**Instructions for the task:** In your copy, the records appear word for word and the pictures do not appear at all.

**Data supplied:**
- - - -

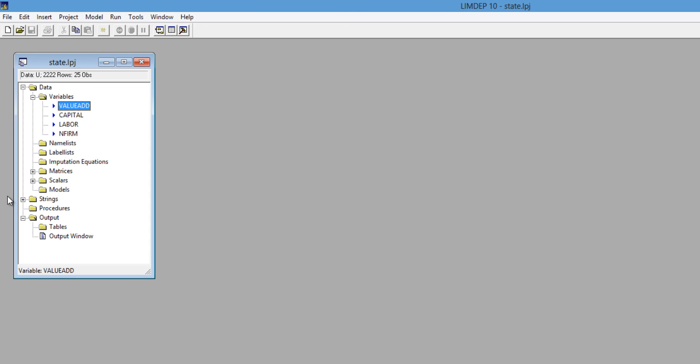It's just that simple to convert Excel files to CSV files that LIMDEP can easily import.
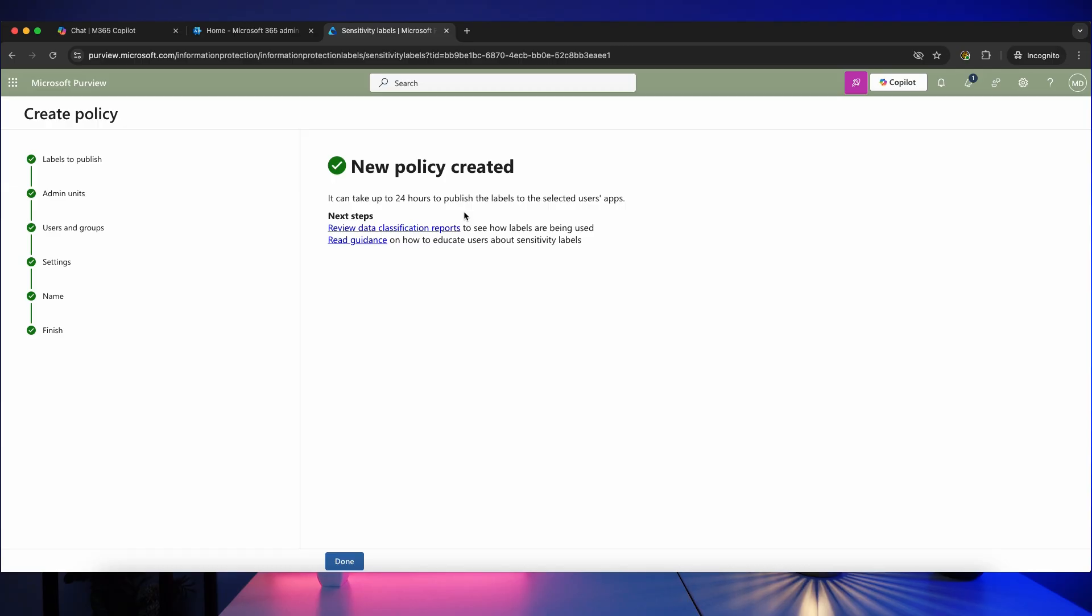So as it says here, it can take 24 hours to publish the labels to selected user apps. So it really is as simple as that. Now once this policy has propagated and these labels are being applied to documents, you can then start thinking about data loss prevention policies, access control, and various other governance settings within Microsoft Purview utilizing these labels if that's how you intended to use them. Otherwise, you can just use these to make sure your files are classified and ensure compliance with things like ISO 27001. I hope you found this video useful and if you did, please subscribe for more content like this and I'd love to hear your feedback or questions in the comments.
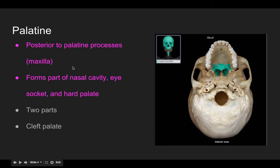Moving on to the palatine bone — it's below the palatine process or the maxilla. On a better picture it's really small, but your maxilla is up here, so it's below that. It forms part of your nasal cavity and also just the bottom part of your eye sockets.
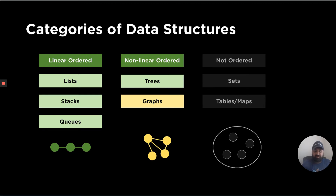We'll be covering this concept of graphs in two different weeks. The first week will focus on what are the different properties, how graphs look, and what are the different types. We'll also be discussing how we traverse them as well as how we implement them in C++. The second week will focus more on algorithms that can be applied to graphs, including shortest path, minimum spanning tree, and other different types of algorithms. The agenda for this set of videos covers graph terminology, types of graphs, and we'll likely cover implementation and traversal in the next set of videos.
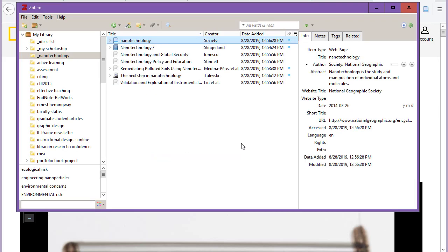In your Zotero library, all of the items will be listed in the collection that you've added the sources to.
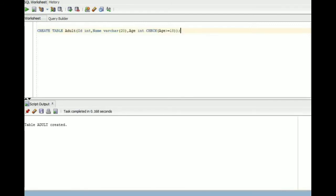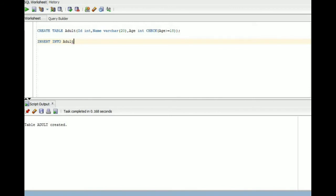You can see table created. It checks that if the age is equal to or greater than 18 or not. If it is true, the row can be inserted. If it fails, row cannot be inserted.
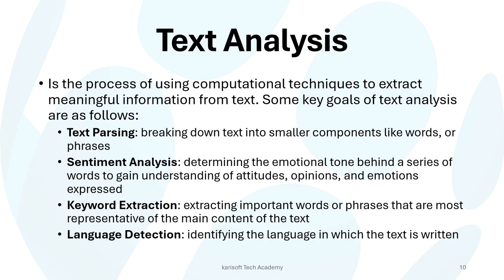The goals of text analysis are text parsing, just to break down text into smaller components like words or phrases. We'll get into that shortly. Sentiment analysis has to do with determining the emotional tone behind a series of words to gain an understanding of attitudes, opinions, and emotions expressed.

- - - -

**Output for this exercise:**
It's just that simple to convert Excel files to CSV files that LIMDEP can easily import.
So as it says here, it can take 24 hours to publish the labels to selected user apps. So it really is as simple as that. Now once this policy has propagated and these labels are being applied to documents, you can then start thinking about data loss prevention policies, access control, and various other governance settings within Microsoft Purview utilizing these labels if that's how you intended to use them. Otherwise, you can just use these to make sure your files are classified and ensure compliance with things like ISO 27001. I hope you found this video useful and if you did, please subscribe for more content like this and I'd love to hear your feedback or questions in the comments.
Moving on to the palatine bone — it's below the palatine process or the maxilla. On a better picture it's really small, but your maxilla is up here, so it's below that. It forms part of your nasal cavity and also just the bottom part of your eye sockets.
We'll be covering this concept of graphs in two different weeks. The first week will focus on what are the different properties, how graphs look, and what are the different types. We'll also be discussing how we traverse them as well as how we implement them in C++. The second week will focus more on algorithms that can be applied to graphs, including shortest path, minimum spanning tree, and other different types of algorithms. The agenda for this set of videos covers graph terminology, types of graphs, and we'll likely cover implementation and traversal in the next set of videos.
In your Zotero library, all of the items will be listed in the collection that you've added the sources to.
You can see table created. It checks that if the age is equal to or greater than 18 or not. If it is true, the row can be inserted. If it fails, row cannot be inserted.
The goals of text analysis are text parsing, just to break down text into smaller components like words or phrases. We'll get into that shortly. Sentiment analysis has to do with determining the emotional tone behind a series of words to gain an understanding of attitudes, opinions, and emotions expressed.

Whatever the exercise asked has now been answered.